I should preface this by saying that I am working in the US, at a large public university that serves a population that largely consists of first-in-family college attendees, low income students, and many students who speak a language other than English at home. I have previously taught in low-income public high schools with similar demographic profiles.
Homework gives students an opportunity to practice performing the kinds of computations that they are expected to learn in a course, or to build familiarity with the definitions and theorems that they are expected to understand by the end of a course. I find it incredibly difficult to believe that a student can master material (at any level) without the kind of practice that is provided by homework assignments. Since the goal of homework is to give students an opportunity to practice the skills that they will ultimately be tested on, I am incredibly sympathetic to the argument that homework should not be graded, as the students that actually complete the homework will master the material and do well on exams, while students who don't complete the homework will probably fail those exams.
Unfortunately, students (especially undergraduates, and even more especially high school students) are highly motivated by "points" and often don't value anything that isn't worth any "points" in a class. For example, one quarter I had two precalc classes, one right after the other. In one section, I took attendance every day and factored that into a "participation" grade. In the other section, I took attendance, but did not factor that into the grade at all. The classes were otherwise as identical as they could be. In the class where I gave credit for attendance, I had an average of about 90% daily attendance, while the other class averaged out to about 60%.
As such, I think that it is necessary to give students some kind of grade for completing their homework. Moreover, I think that such a grade should be directly tied to the homework (rather than to quizzes based on homework problems; I think that students often fail to see the connection). That being said, I think that the key work here is completion. I typically don't knock myself out grading every problem, and will often grade homework in a completely binary manner (1 point for turning in a substantially completed assignment, 0 points for not turning in anything or turning in something that is incomplete). Alternatively, if homework can be done online (my institution uses either WebWork or WebAssign for most lower division classes), I tend to take the score given by the computer, and "round up" to the next letter grade.

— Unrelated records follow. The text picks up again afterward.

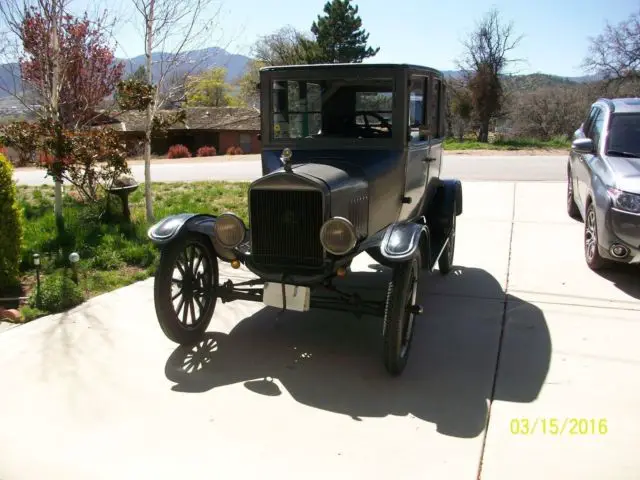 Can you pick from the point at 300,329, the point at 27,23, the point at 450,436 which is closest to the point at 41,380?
the point at 300,329

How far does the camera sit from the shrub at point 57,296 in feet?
16.1

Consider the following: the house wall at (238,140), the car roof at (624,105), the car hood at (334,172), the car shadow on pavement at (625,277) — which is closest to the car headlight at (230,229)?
the car hood at (334,172)

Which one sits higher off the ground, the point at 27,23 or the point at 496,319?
the point at 27,23

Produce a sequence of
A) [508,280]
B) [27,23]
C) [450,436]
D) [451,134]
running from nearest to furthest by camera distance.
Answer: [450,436]
[508,280]
[27,23]
[451,134]

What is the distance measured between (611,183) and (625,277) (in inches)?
38.9

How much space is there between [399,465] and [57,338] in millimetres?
2852

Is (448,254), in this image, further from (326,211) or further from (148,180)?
(148,180)

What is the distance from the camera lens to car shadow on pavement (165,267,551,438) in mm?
3482

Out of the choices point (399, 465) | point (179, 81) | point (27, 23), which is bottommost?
point (399, 465)

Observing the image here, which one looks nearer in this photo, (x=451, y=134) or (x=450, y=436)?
(x=450, y=436)

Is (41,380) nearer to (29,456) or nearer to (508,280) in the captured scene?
(29,456)

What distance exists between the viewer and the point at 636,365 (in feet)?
12.8

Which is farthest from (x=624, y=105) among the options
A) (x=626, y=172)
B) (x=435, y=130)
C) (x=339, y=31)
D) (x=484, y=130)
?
(x=339, y=31)

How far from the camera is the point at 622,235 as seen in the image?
529cm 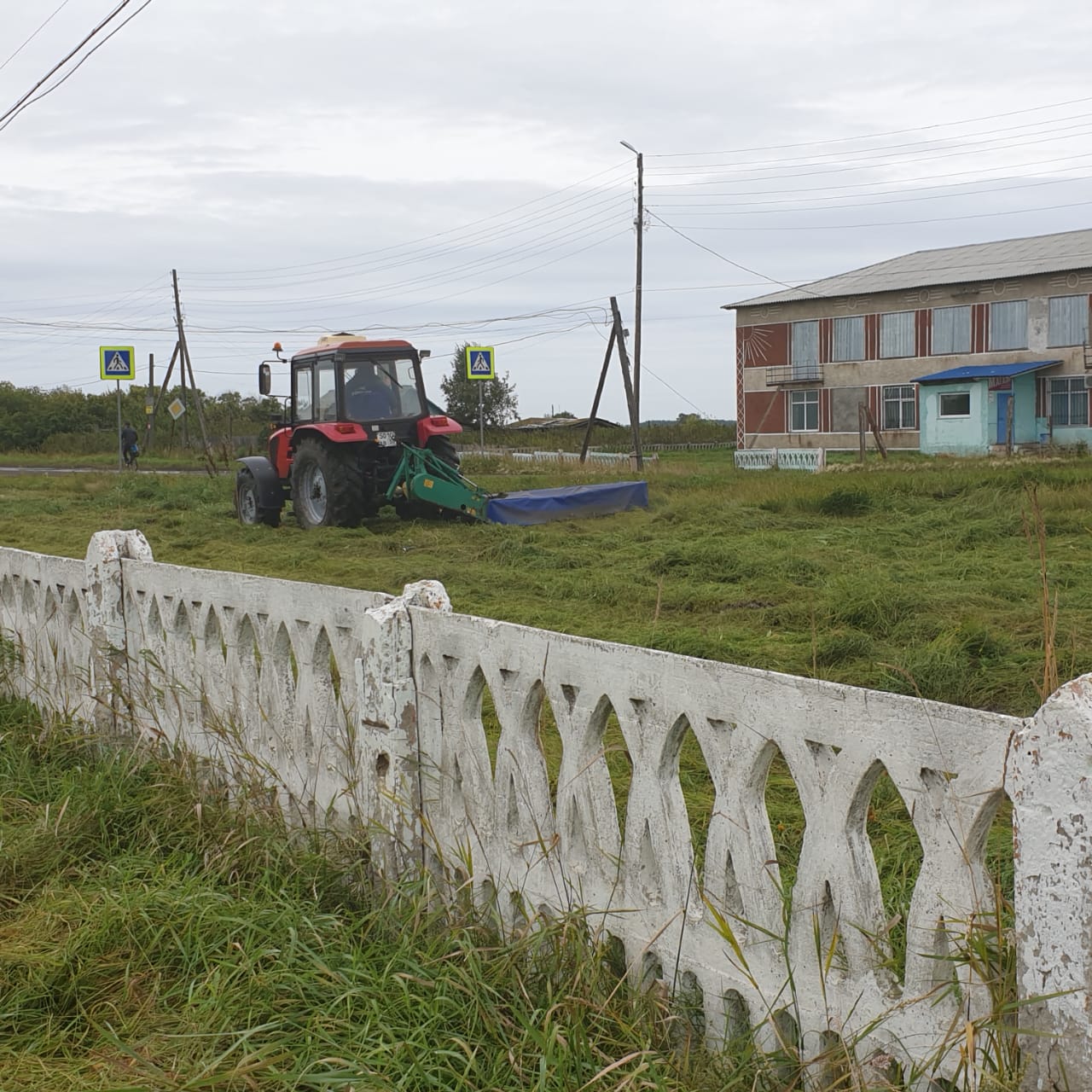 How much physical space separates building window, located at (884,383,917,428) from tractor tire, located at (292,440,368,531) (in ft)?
87.1

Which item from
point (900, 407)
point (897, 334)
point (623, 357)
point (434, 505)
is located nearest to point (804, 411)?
point (900, 407)

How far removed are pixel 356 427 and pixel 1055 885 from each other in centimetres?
1383

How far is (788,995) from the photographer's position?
2.31m

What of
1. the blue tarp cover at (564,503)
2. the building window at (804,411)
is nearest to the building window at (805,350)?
the building window at (804,411)

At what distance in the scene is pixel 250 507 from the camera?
17062mm

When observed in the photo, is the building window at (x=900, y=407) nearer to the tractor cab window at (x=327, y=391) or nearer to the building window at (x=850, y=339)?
the building window at (x=850, y=339)

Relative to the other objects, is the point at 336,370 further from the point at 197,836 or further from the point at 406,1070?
the point at 406,1070

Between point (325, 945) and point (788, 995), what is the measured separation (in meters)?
1.26

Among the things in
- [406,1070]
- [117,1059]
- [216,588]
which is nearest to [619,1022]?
[406,1070]

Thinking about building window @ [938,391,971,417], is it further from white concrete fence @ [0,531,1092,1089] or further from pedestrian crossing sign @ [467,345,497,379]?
white concrete fence @ [0,531,1092,1089]

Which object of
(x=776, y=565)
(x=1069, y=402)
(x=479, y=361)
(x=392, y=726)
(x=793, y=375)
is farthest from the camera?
(x=793, y=375)

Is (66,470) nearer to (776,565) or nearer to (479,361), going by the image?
(479,361)

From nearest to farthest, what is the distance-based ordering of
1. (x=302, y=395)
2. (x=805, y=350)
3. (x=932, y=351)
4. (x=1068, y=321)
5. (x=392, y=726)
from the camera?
1. (x=392, y=726)
2. (x=302, y=395)
3. (x=1068, y=321)
4. (x=932, y=351)
5. (x=805, y=350)

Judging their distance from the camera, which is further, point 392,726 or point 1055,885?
point 392,726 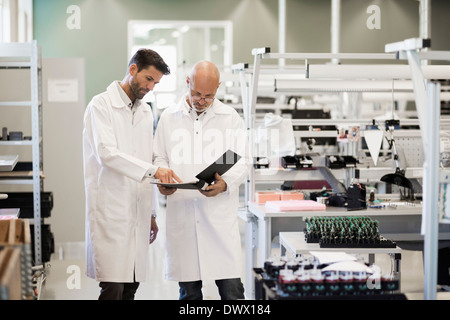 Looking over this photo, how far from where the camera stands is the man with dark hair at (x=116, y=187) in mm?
3104

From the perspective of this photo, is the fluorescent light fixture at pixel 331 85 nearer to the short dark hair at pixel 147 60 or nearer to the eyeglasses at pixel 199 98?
the eyeglasses at pixel 199 98

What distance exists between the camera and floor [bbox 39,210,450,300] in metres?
5.20

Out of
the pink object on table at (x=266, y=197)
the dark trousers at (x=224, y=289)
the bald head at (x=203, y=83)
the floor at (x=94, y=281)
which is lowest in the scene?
the floor at (x=94, y=281)

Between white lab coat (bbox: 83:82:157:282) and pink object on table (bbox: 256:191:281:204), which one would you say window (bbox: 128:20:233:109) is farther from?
white lab coat (bbox: 83:82:157:282)

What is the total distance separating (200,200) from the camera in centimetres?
331

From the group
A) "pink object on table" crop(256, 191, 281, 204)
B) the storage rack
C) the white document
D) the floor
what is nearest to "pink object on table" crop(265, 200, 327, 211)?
"pink object on table" crop(256, 191, 281, 204)

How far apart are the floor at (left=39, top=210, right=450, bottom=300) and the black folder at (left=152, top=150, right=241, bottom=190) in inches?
83.4

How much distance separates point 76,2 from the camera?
1191 centimetres

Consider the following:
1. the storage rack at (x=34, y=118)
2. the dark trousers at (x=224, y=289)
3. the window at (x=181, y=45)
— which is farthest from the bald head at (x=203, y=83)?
the window at (x=181, y=45)

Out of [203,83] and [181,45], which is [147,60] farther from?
[181,45]

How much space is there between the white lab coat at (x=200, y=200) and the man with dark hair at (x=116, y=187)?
20 centimetres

The goal is to give students an incentive, in the form of "points", to complete their homework. I am trying to exploit my students' innumeracy (they'll work quite hard on their homework for a tiny fraction of their overall grade) and the Skinner box-like reinforcement that comes from giving students "points" in order to get them to do something that is good for them (i.e. finish the homework). At the end of the day, the homework grade shouldn't have that much effect on their overall grade (exams or projects will be much more important).
In short, yes I grade homework, but (1) I focus on completion over accuracy and (2) I don't make the homework grade a huge component of the overall course grade. In answer to the secondary question ("Should I give homework quizzes?"), I think that is a fine strategy, but I would employ it in addition to assigning some kind of homework grade (with, perhaps, more weight given to the quizzes) and I would be careful not to spend too much lecture time on quizzes.